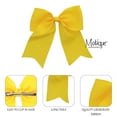 thumbnail image 3 of Motique Accessories Yellow Jumbo Hair Bow Clip with Tails for Child Girls, 3 of 4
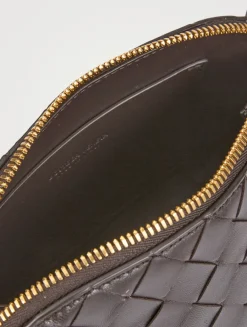 Concert Intrecciato Leather Crossbody Bag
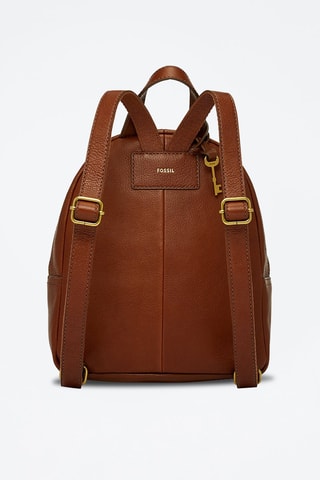 Mochila de piel Megan - Camel
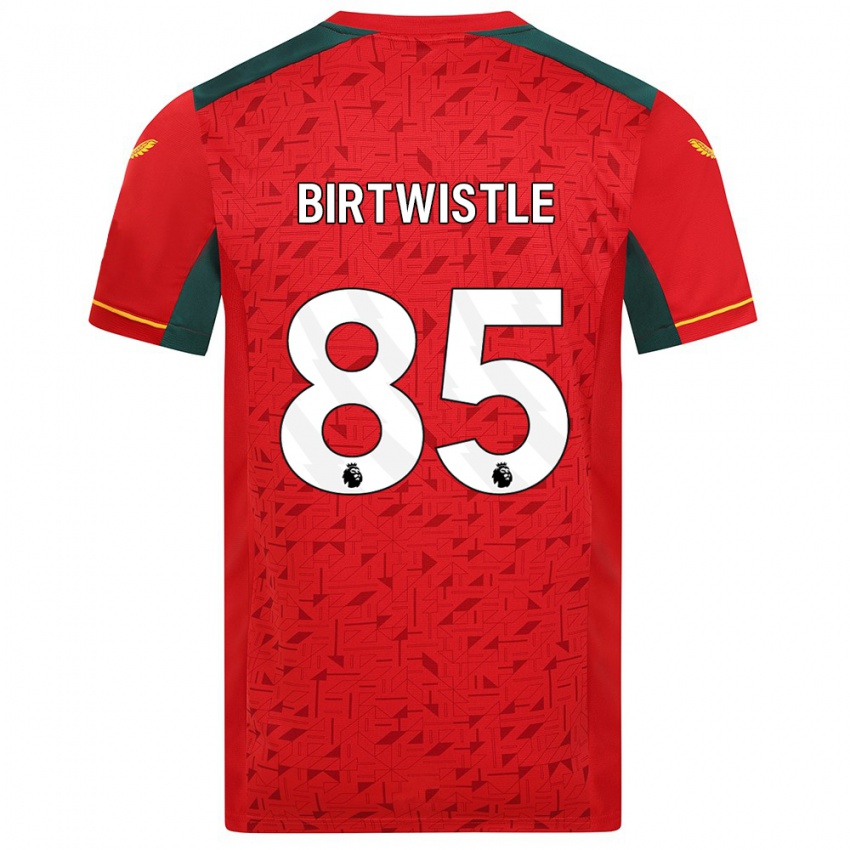 Niño Camiseta Harry Birtwistle #85 Rojo 2ª Equipación 2023/24 La Camisa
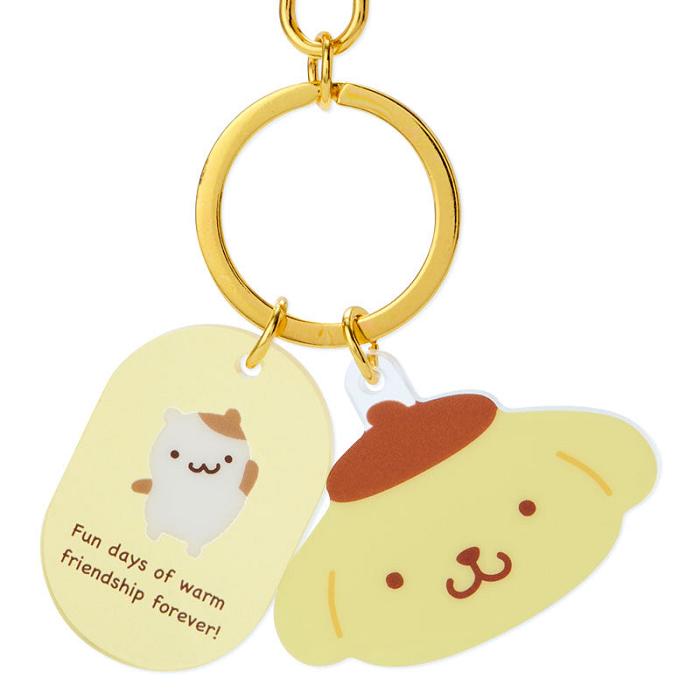 Hello Kitty Pompompurin Besties Keychain Galbeni | RO_HK80554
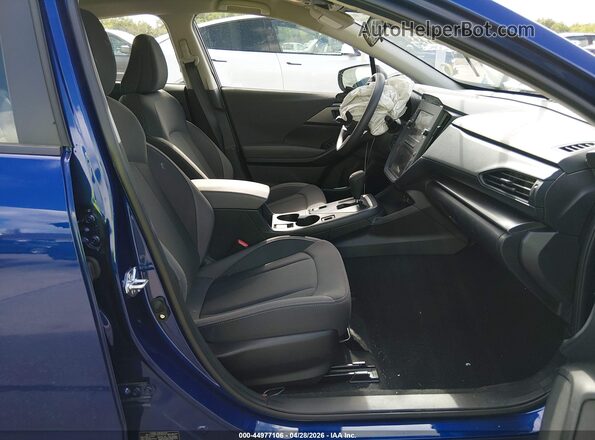 JF1GUABC4S8290933 2025 SUBARU IMPREZA Blue Widok wnętrza z przodu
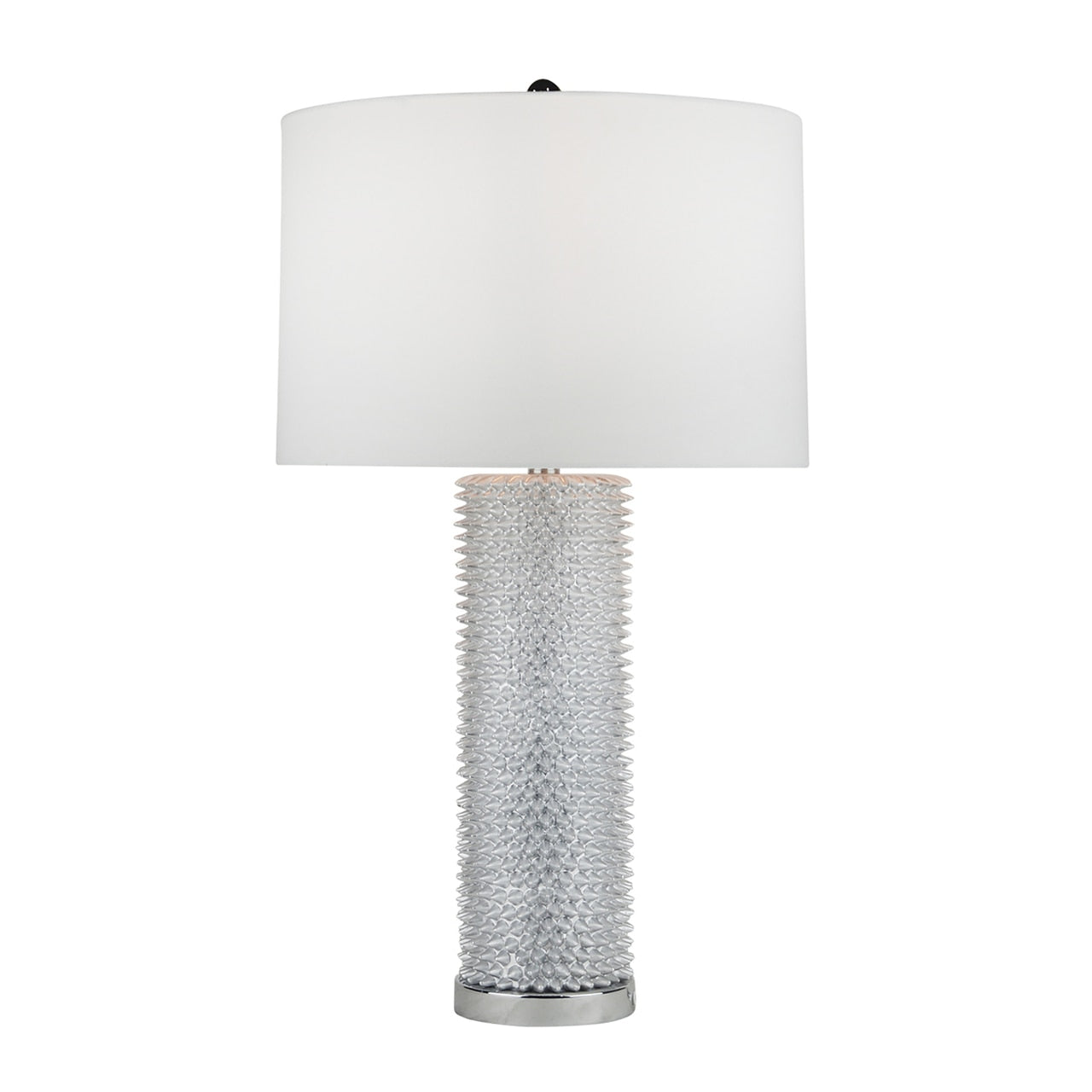 Resin Spiked Table Lamp - Silver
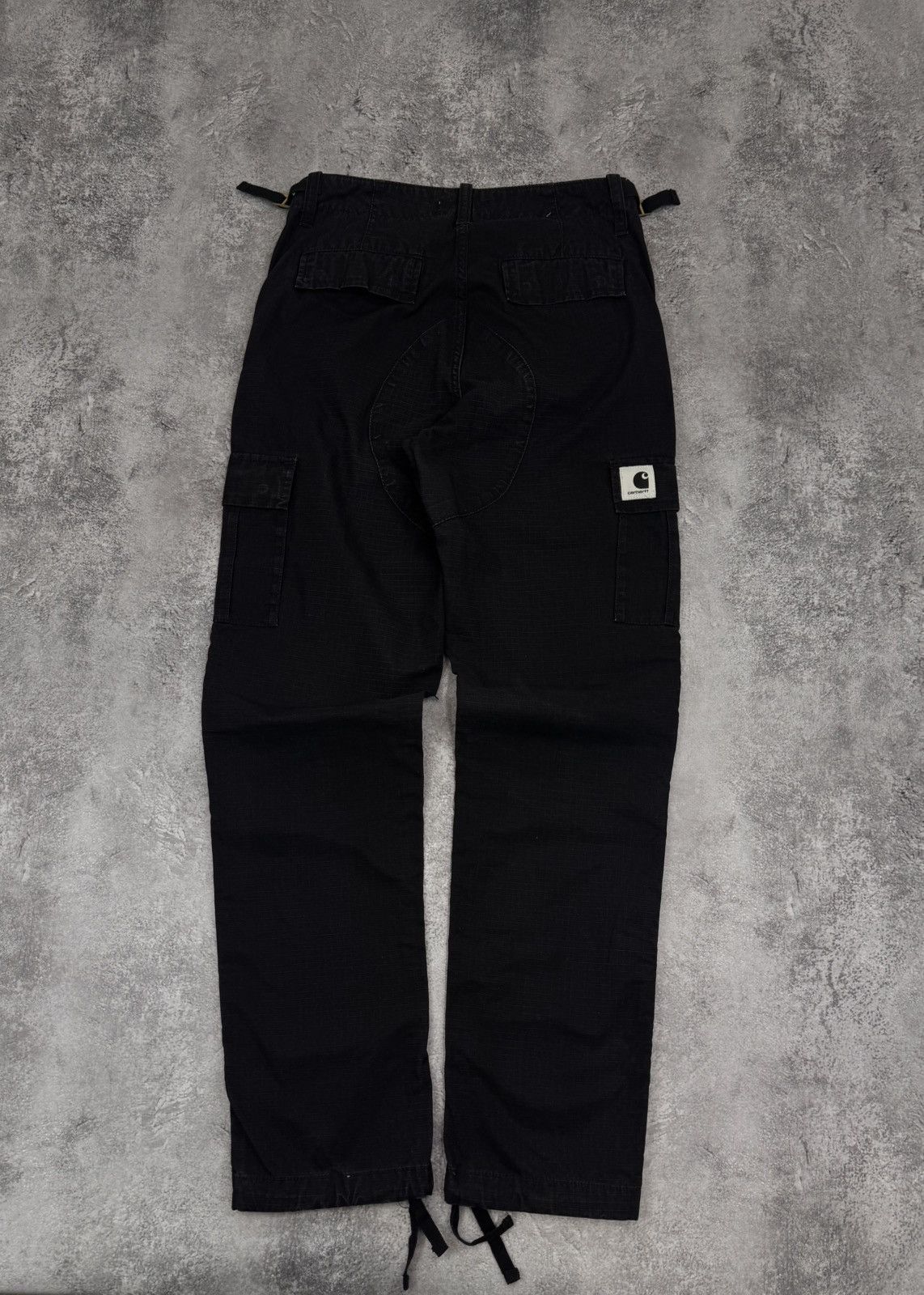 Carhartt Carhartt WIP Men Aviation Cargo Pants Black Size 26 Size US 26 / EU 42 - 1 Thumbnail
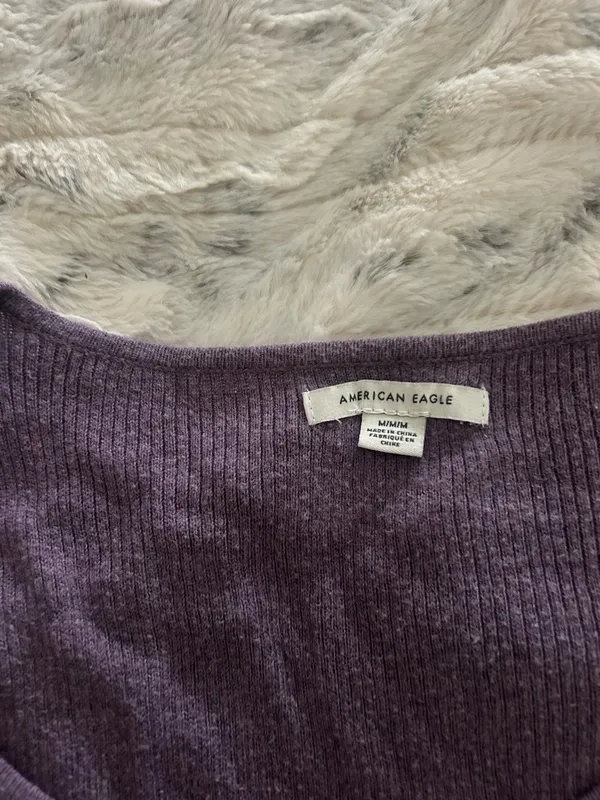 American Eagle Long sleeve purple sweater - Image 2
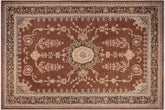 handmade Traditional Kafkaz Rust Charcoal Hand Knotted RECTANGLE 100% WOOL area rug 10' x 14'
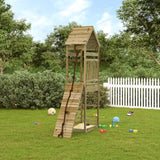 Playhouse with Climbing Wall Solid Wood Pine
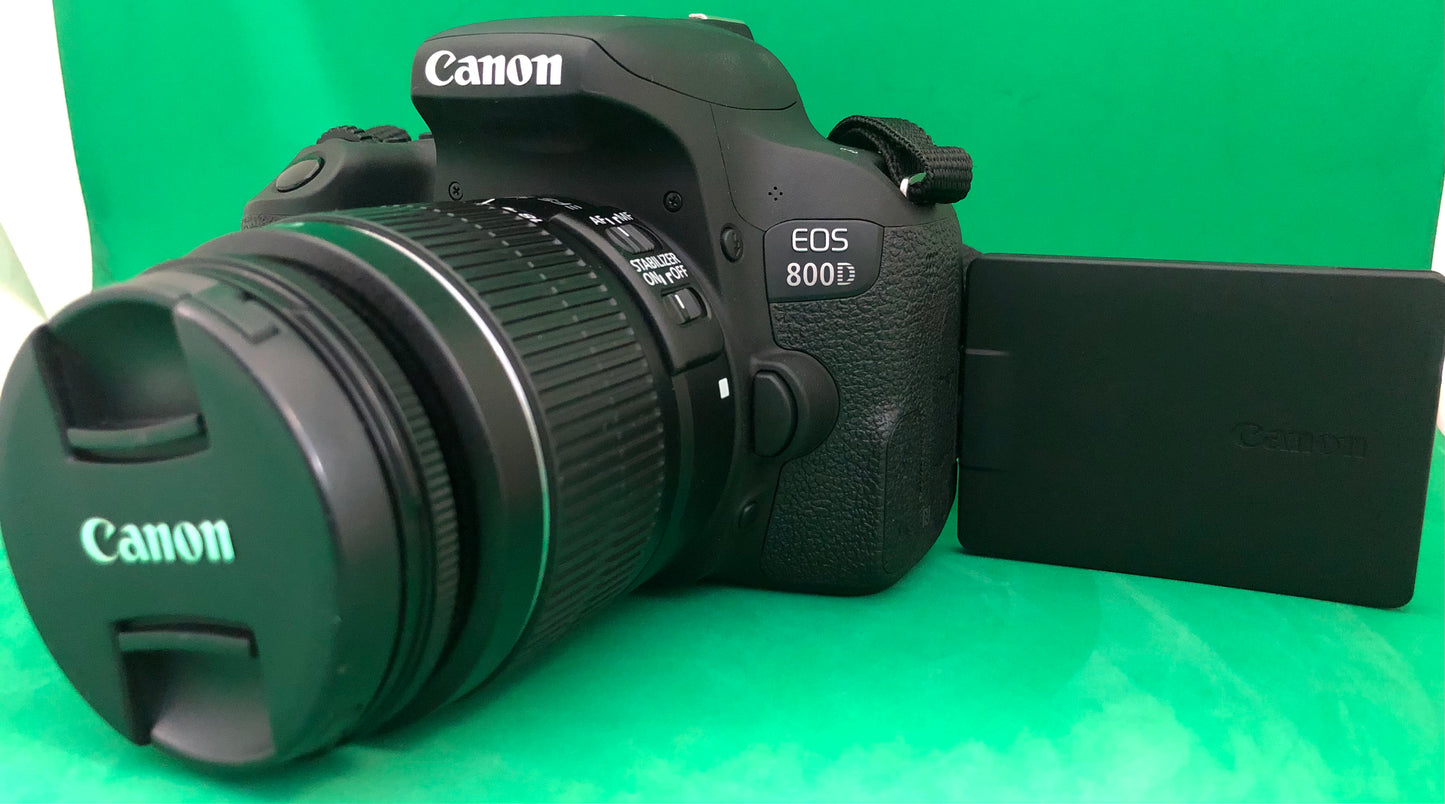 Canon EOS 800D DSLR Camera with lens 18-55mm (Used)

§ **Work to complete**
Please copy the data shown above, line by line and exactly, omitting the images.

§ **Exercise response**
 thumbnail image 3 of Motique Accessories Yellow Jumbo Hair Bow Clip with Tails for Child Girls, 3 of 4
 Concert Intrecciato Leather Crossbody Bag
 Mochila de piel Megan - Camel
 Niño Camiseta Harry Birtwistle #85 Rojo 2ª Equipación 2023/24 La Camisa
 Hello Kitty Pompompurin Besties Keychain Galbeni | RO_HK80554
 JF1GUABC4S8290933 2025 SUBARU IMPREZA Blue Widok wnętrza z przodu
 Resin Spiked Table Lamp - Silver
 Carhartt Carhartt WIP Men Aviation Cargo Pants Black Size 26 Size US 26 / EU 42 - 1 Thumbnail
 American Eagle Long sleeve purple sweater - Image 2
 handmade Traditional Kafkaz Rust Charcoal Hand Knotted RECTANGLE 100% WOOL area rug 10' x 14'
 Playhouse with Climbing Wall Solid Wood Pine
 Canon EOS 800D DSLR Camera with lens 18-55mm (Used)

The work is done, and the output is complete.